I had the opportunity to sit down and talk to Garry Wills on recent October afternoon to talk religion and politics. The conversation was mainly focused on his new book “Head and Heart: American Christianities,” which manages to be both comprehensive and concise at once, outlining long-term trends and painting mini-portraits of protagonists in the […]

I had the opportunity to sit down and talk to Garry Wills on recent October afternoon to talk religion and politics. The conversation was mainly focused on his new book “Head and Heart: American Christianities,” which manages to be both comprehensive and concise at once, outlining long-term trends and painting mini-portraits of protagonists in the great experiment that is America.

We talked for about 90 minutes, which equals, I think, about 5,000 words, very few of which were pedestrian. A 1,000-word story is available to clients on the wire. But some of the nuggets dropped by the historian were too interesting to let lie. So I’m posting a transcript of the conversation entire here on the blog in five parts. Here’s Part One.

Q: I’ve counted that you’ve written nine books in the last five years. How do you do that?


A: Well, most of these have gestated over many years. Almost everything I’ve written about recently has been an interest for a long time. And some of those books, (like the books translating parts of St. Augustine’s Confessions) are fairly short. It’s not as if I’ve been writing whole big books each time.

Q: But this one (“Head and Heart”) is a big one. What did you set out to accomplish with it?

A: I’ve taught the constitutional subject of church and state for many, many years. All of these things have come in but I’ve never had time to set them all out systematically. I retired from teaching two years ago and I thought that, now that I’m not doing it on a regular basis, I’ll sit down and write the whole thing out.

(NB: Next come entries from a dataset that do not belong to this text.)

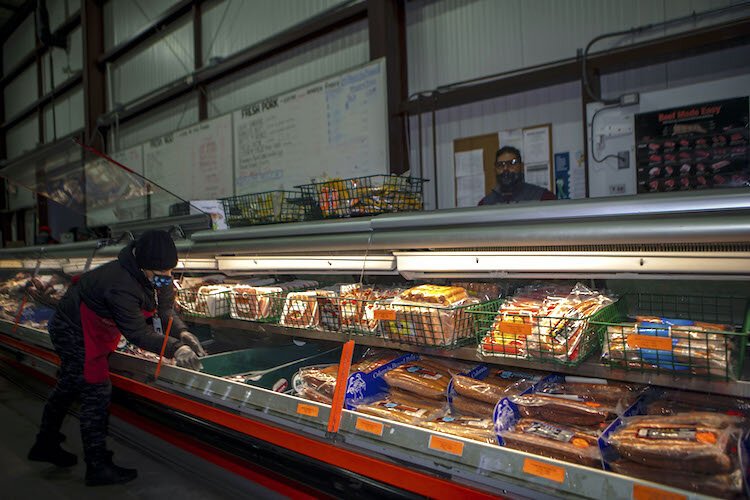 Sanwa Meat Department  Manager Angel Maldonado oversees clerk Yerica Gomez, as she continuously checks supply dates, rotates, and stocks all meat and poultry products.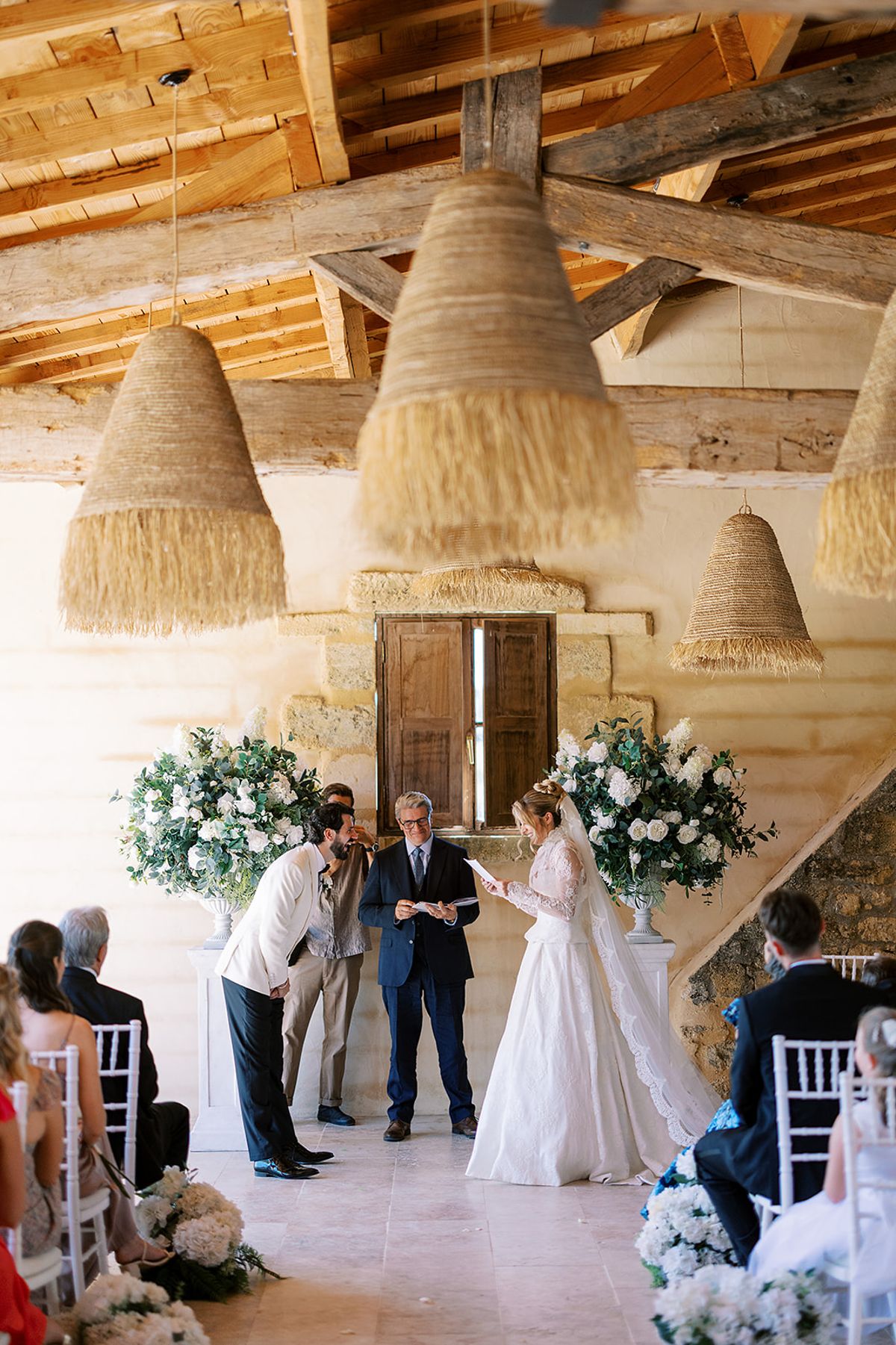 The couple stand before an officiant beside white flower arrangements while seated guests watch, beneath beams and woven pendant lights.
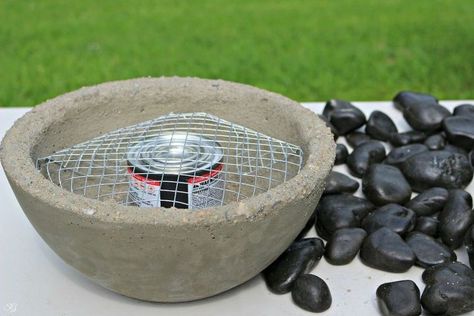 If you're looking to add a little flare to your outdoor space, this DIY concrete fire bowl will do the trick! Begin with a bag of quick setting concrete, water, two bowls - one bowl smaller than the other, non stick kitchen spray, mesh wire, chafing fuel and fire safe rocks. Spray the inside of the large bowl and outside of the small bowl. Mix the concrete until it is the consistency of peanut butter. Fill the large bowl 3/4 of the way full. Press the smaller bowl into the concre… Diy Fire Pit Ideas, Tabletop Fire Bowl, Diy Tabletop, Do It Yourself Decoration, Fire Pit Materials, Metal Fire Pit, Tabletop Firepit, Fire Pit Furniture, Diy Bowl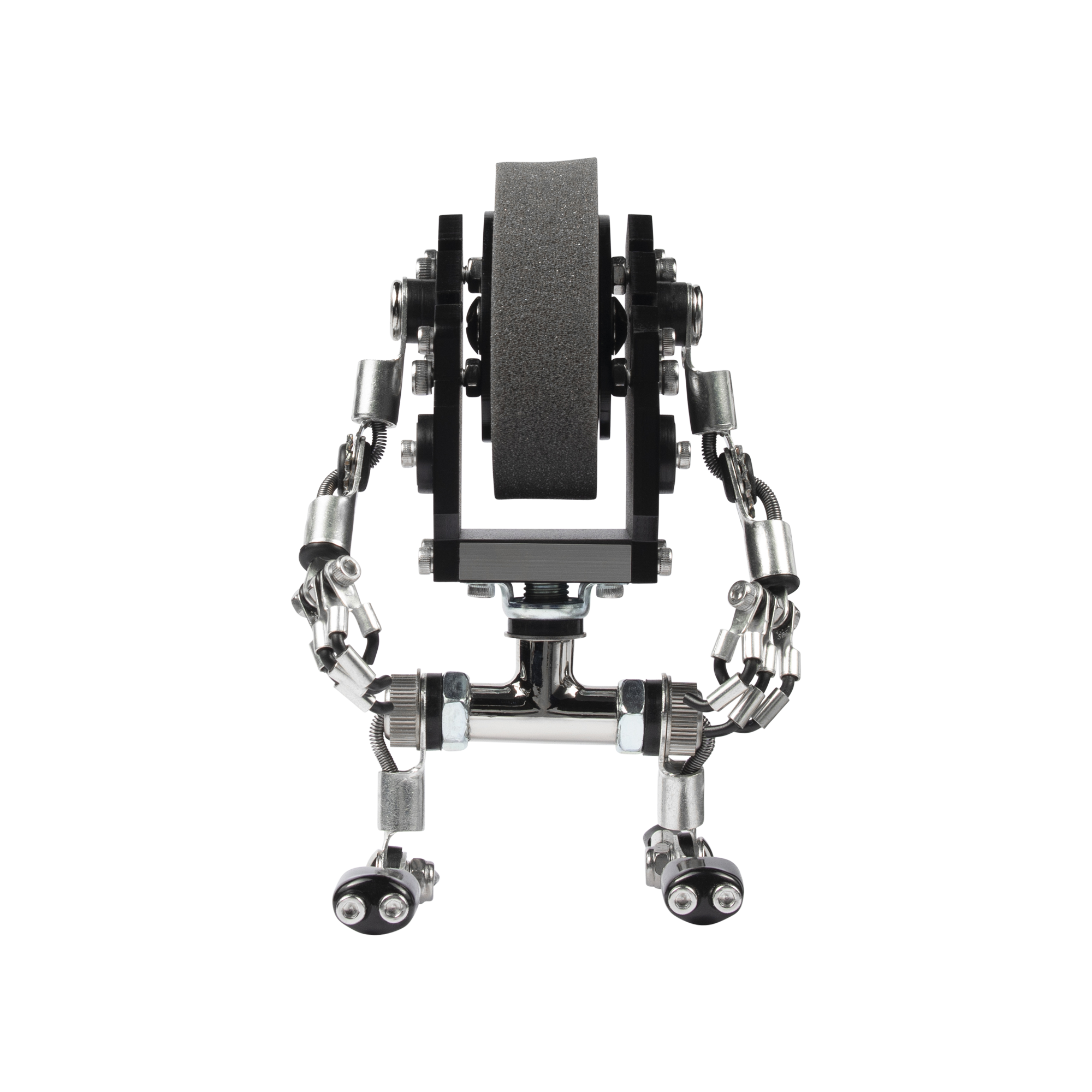 Miniature mechanical robot watch stand with black and silver metal construction, featuring articulated limbs and dual LED headlights
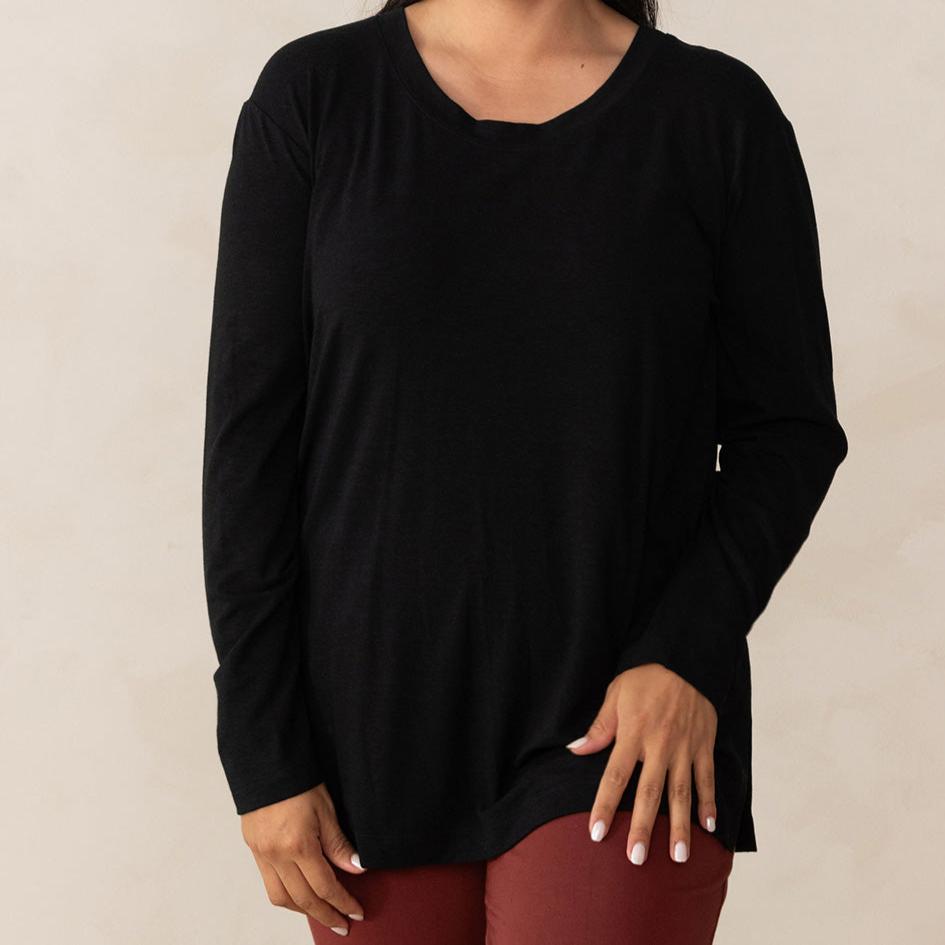 woman wearing a long sleeve scoop neck black top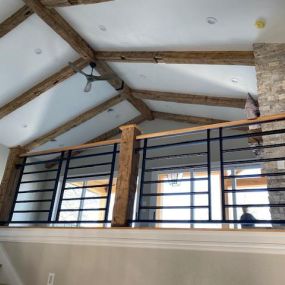 Reclaimed Beams, Hand hewn  Ceiling Beams are used for this stunning ceiling.
Reclaimed wood Beams accent the staircase. Using solid Beams for Newel Post and handrails with black iron Balusters.
Ohio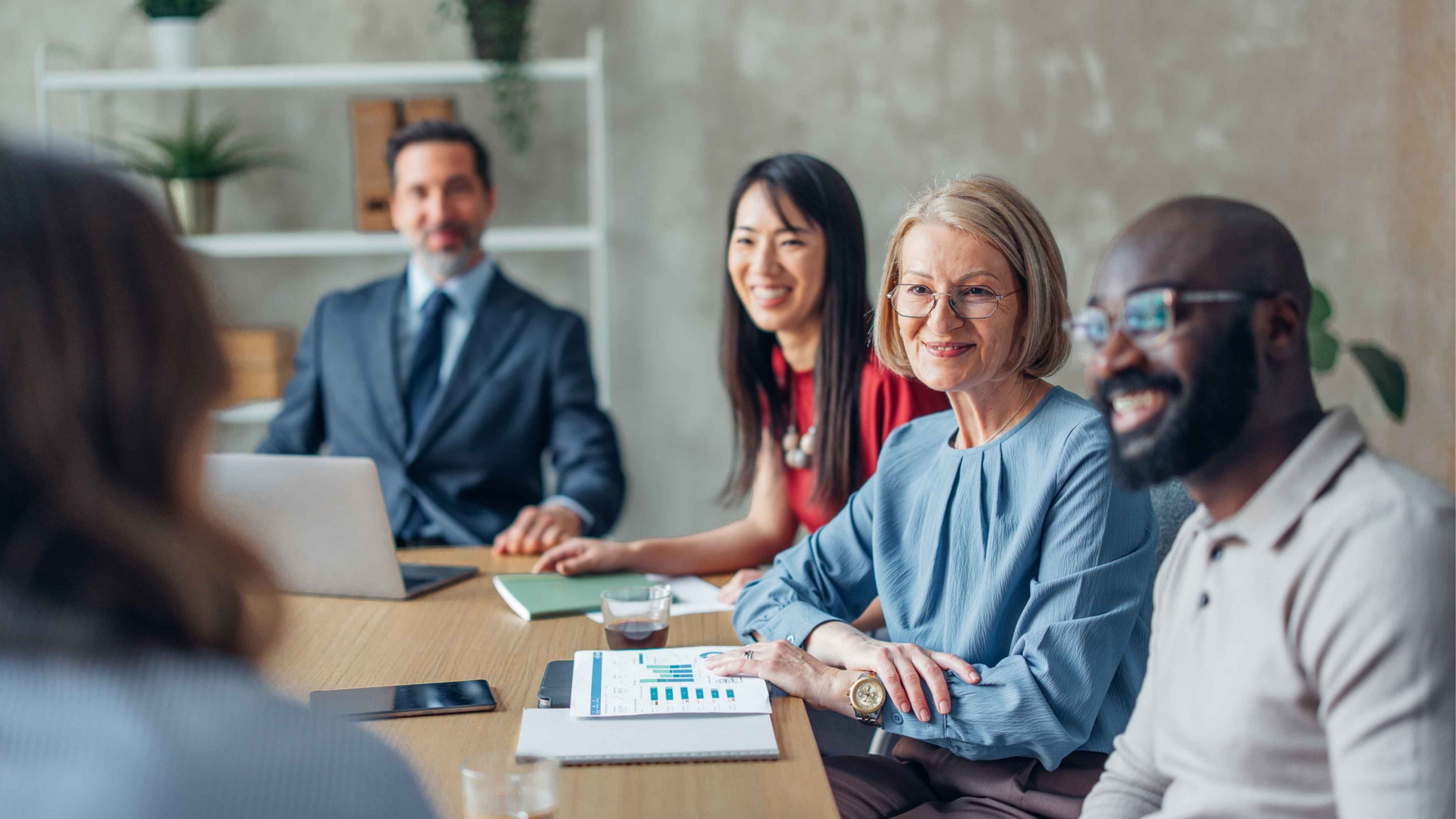 A group of people sitting in business meeting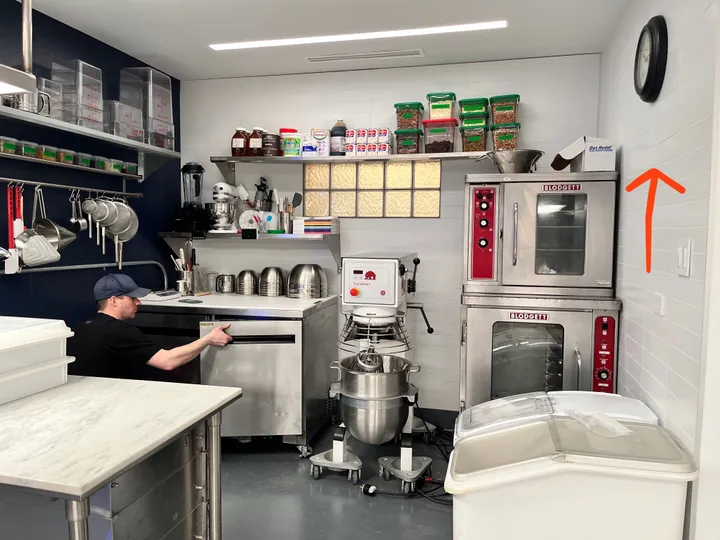 Eric Frankel’s photo of The Bear’s kitchen set, with a red arrow pointing to the wall beside the ovens where the sign hangs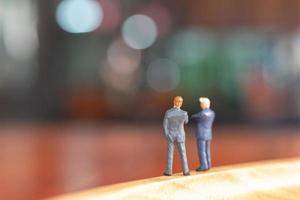 Miniature businessmen standing and thinking with a colorful background photo
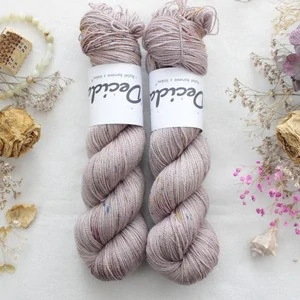 "Romance" - merino sw/nylon/Bronze stellina 400m
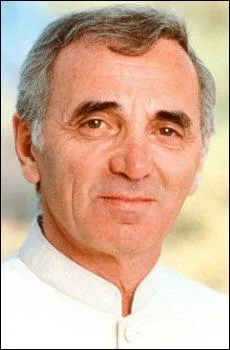 Dans laquelle de ses chansons entend-on Charles Aznavour dire : 'Nous changerons nos habitudes et ces mots que je croyais ntres, tu les diras dans d'autres bras' ?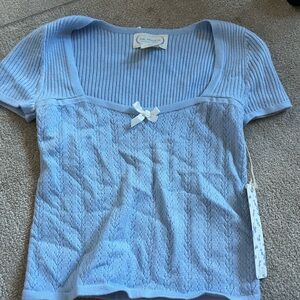 Light Blue Knit Top with Bow Detail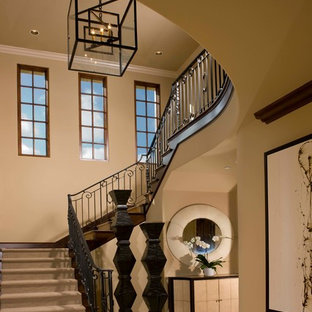 Staircase - large mediterranean carpeted u-shaped metal railing staircase idea in San Diego with carpeted risers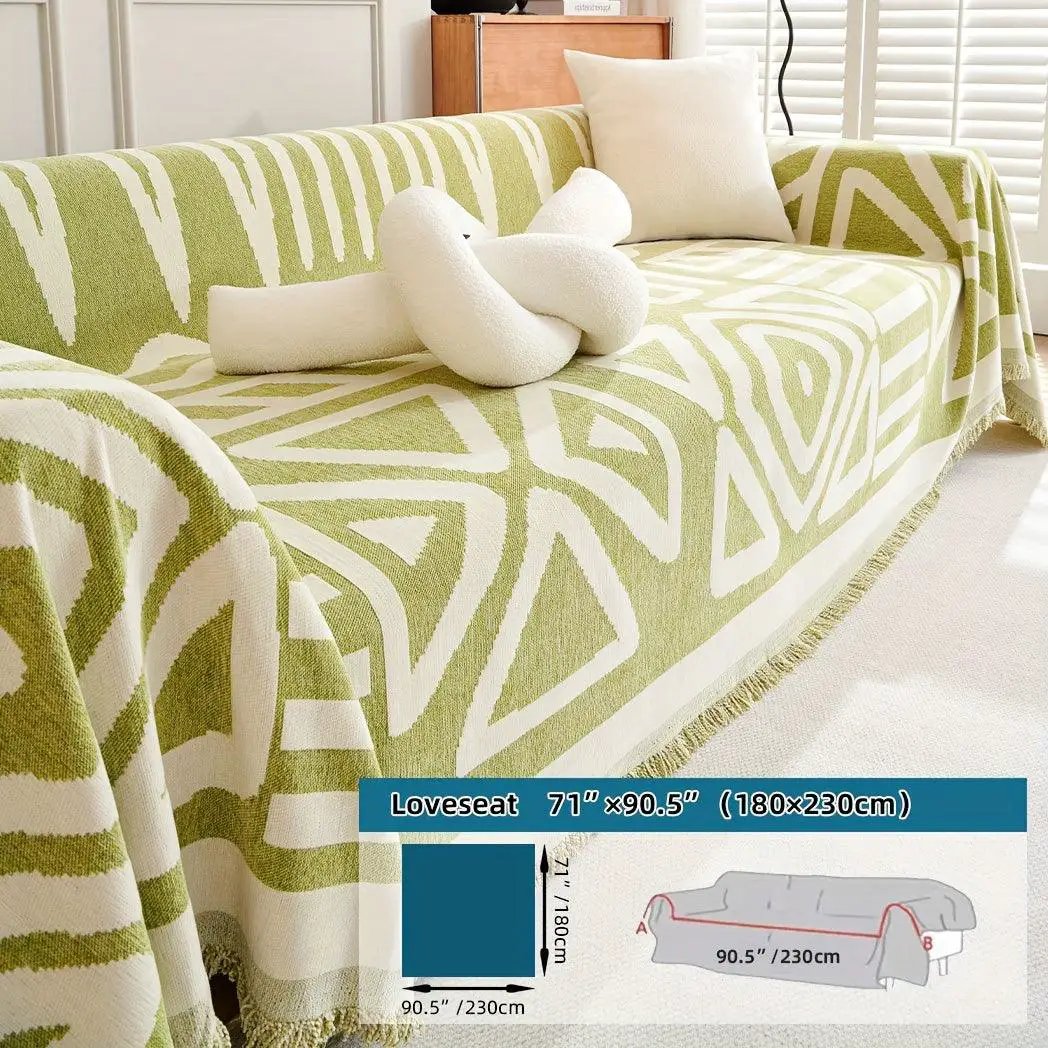 Bohemian chenille couch cover in green and white with fringe trim, extra-long 71x90.5 in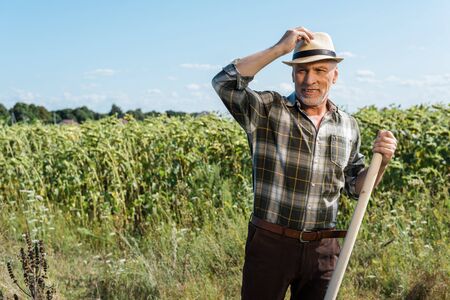 happy self-employed man holding rack near green field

Q: What did you want people to know about religion and America from your book?

A: I’m amazed that people that people talk about America in terms of the amount of religion. We’ve got a lot of religion in America. We didn’t at the outset but we do now. But that’s not so important, it seems to me, as what kind of religion (we have). And that shifts over the years. Sometimes you have the enlightened religion foremost, sometimes you have the evangelical; one with an emphasis on rational faith, the other with an emphasis on the private experience of the individual’s salvation by Jesus and the need to preach that to others.

So, I tried to trace when and how the relations between these two shifted. There have been many times when religiosity of the evangelical sort is very salient and by accident they all happen at the beginning of the century. Partly I think that is because what leads to fundamentalism, according to Martin Marty’s big study of the subject, is fear of change. And in all three cases at the beginning of all three centuries there was rapid and somewhat disorienting change.


In the 19th century, it was our tremendous expansion westward into uninhabited territory (except for the Native Americans) and this stretching out of ties and traditions, religious and other traditions, so they had to be emphasized more assertively out on the frontier.

In the beginning of the 20th century, it was the disorientations of the Industrial Revolution.

And at the beginning of the 21st century, it’s the techonological revolution, tremendous changes have come about because of the new inventions, the Internet, the computer, all of those things, which challenge people who are distrustful of science and who love, for example, the revival of opposition to Darwin and science in general. so when people become frightened about their rootedness and feel that other people are trying to take it away from them, you have things like the growth of the homeschooling movement, where they don’t trust teachers. They think that their children will be torn away from them by secularism, by Darwin, by sexual promiscuity, by opposition to school prayer. And the homeschooling movement has led to the creation or strengthening of a whole tier of evangelical colleges: Patrick Henry, Ave Maria, Regent, all of those, and because of the evangelical mindset of the Bush administration, young people from those colleges have gone directly into the regulatory agencies, the congressional staff, they went, as that wonderful book on the Green Zone demonstrates, into the Iraq occupation force. That qualitatively changes the kind of religion we have.